The End of Laissez-Faire?

The End of Laissez-Faire?

On the Durability of Embedded Neoliberalism

Damien Cahill

When the global financial crisis hit in 2007, many commentators thought it heralded the end of neoliberalism. Several years later, neoliberalism continues to dominate policy making. This book sets out why such commentators got it so wrong, and why neoliberalism remains so durable in the face of crisis.

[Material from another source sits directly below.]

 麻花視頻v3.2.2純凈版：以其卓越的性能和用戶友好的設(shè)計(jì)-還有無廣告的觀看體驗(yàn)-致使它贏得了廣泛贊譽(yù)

Chapter 5: The class embedded nature of neoliberalism

Damien Cahill

Subjects: economics and finance, political economy, politics and public policy, political economy


This chapter begins the more detailed examination of the specific mechanisms through which neoliberalism is socially embedded by focusing upon the transformations within class relations that underpinned profits and capital accumulation during the neoliberal era. The chapter begins by examining the contours of economic performance in the global and advanced capitalist economies under neoliberalism. It takes issue with those Marxist scholars who characterise the era as one of persistent stagnation, long downturn or unresolved crisis. In contrast, it is argued that the economic crisis of the 1970s provided the context and impetus for a state-facilitated neoliberal restructuring of production and finance, resulting in increased rates of profit and GDP growth from their lows of the 1970s. The chapter then examines how this was dependent upon, and in part helped to produce, a transformation of the balance of power within the social relations of production such that the associational power of labour was weakened, capital increased its ability to assert its prerogatives over labour, while labour concurrently became much more integrated into global circuits of finance.